Vítima estava internada desde julho deste ano, quando um vizinho bateu na porta da casa dela e a esfaqueou. Em seguida, o suspeito entrou em luta corporal com o marido dela e também o esfaqueou.

A mulher esfaqueada na porta de casa, em um apartamento no bairro do Bessa, em João Pessoa, morreu na manhã deste sábado (10), no Hospital de Emergência e Trauma da cidade. Juliana Mônica Alves, de 32 anos, estava internada no hospital desde o dia 8 de julho deste ano. De acordo com a unidade de saúde, ela apresentou um quadro de infecção generalizada e não resistiu.

Juliana Alves e o companheiro dela, Jefferson Soares, foram esfaqueados na noite do dia 7 de julho deste ano. Na época, as informações da Polícia Militar e de testemunhas eram de que o vizinho teria batido na porta do apartamento do casal durante a noite. Quando a mulher abriu a porta, ele a esfaqueou. Em seguida, o marido dela saiu, entrou em luta corporal com o vizinho, mas acabou sendo esfaqueado também.

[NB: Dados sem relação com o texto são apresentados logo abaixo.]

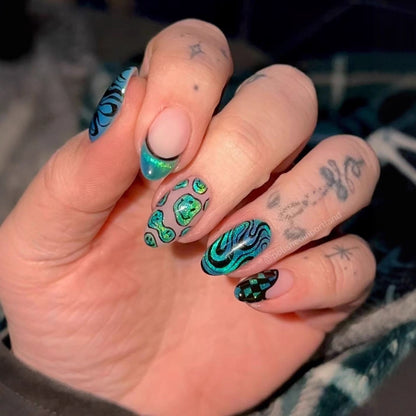 Künstlerische abstrakte Nagelkunst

O casal foi levado para o Hospital de Emergência e Trauma por outros vizinhos. Jefferson Soares, de 31 anos, recebeu alta. Já a esposa dele, Juliana Alves, passou por cirurgia e o estado de saúde dela era considerado estável.

Mônica Alves era técnica de enfermagem. No dia do crime, ela foi golpeada com 14 facadas. Conforme o hospital, ante de morrer a mulher passou cerca de 33 dias consecutivos na Unidade de Tratamento Intensivo (UTI) e por quatro procedimentos cirúrgicos.

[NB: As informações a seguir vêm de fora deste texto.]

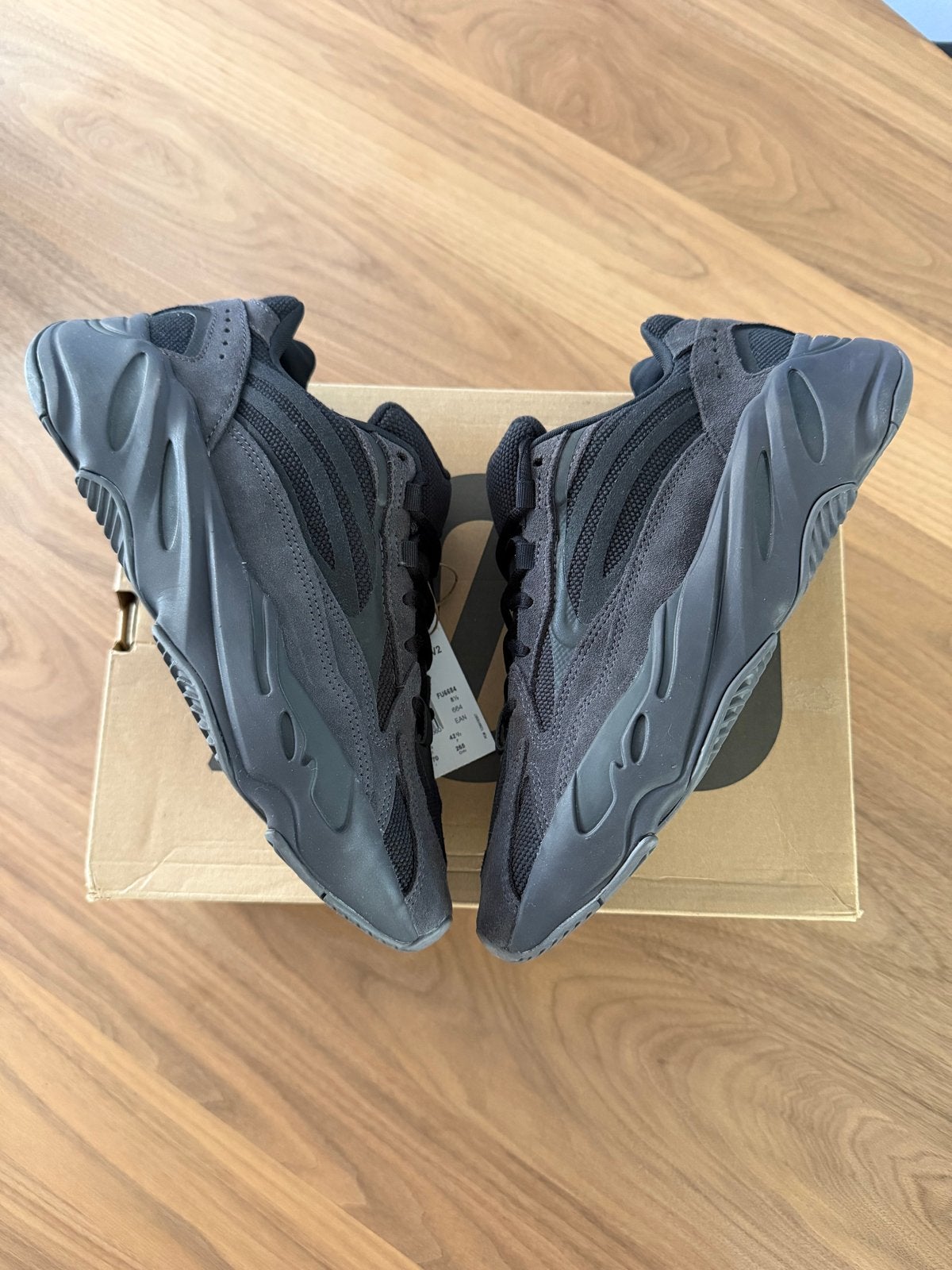 Adidas Yeezy Boost 700 V2 Vanta - Maat 42 2/3, Ophalen of Verzenden, Nieuw, Zwart, Sneakers of Gympen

Suspeito era vizinho do casal
Após o crime, o vizinho do casal, suspeito do crime, fugiu. No entanto, ele foi detido pela Polícia Militar na mesma rua onde o prédio fica localizado. Em depoimento, o suspeito, de 26 anos, contou para Polícia Civil que estava em casa quando um oficial de Justiça foi até a casa dele para entregar uma medida protetiva por conta de agressões que ele teria praticado contra a mãe, além de ter ameaçado uma jovem de 14 anos.

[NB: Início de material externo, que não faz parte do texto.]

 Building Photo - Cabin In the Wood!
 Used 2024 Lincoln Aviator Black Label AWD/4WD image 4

Ainda segundo depoimento do suspeito à polícia, após receber o documento do oficial da Justiça,, ele disse que “surtou”, foi até o guarda-roupa, pegou um canivete e foi até a casa dos vizinhos. Ele ainda disse que não sabe por qual motivo teve essa atitude. O suspeito era advogado e, após o depoimento, permaneceu preso.

Suspeito foi para instituto de psiquiatria
O homem suspeito de esfaquear o casal foi encaminhado para o Instituto de Psiquiatria Forense (IPF), após passar por audiência de custódia, na tarde do dia 8 de julho deste ano. De acordo com o juiz Adilson Fabrício, diretor do Fórum e magistrado que conduziu a audiência, a prisão em flagrante do suspeito foi convertida em prisão preventiva. Ele informou que o homem foi encaminhado para um instituto psiquiátrico, e não para um presídio comum, por apresentar um histórico de distúrbios mentais.

Na época, o juiz explicou ainda que, enquanto estiver internado provisoriamente no IPF, o homem passaria por um exame de sanidade mental, com psicólogos e psiquiatras, havendo um prazo de 45 dias para realização da avaliação e, tendo em vista o resultado, o caso seguirá na Justiça.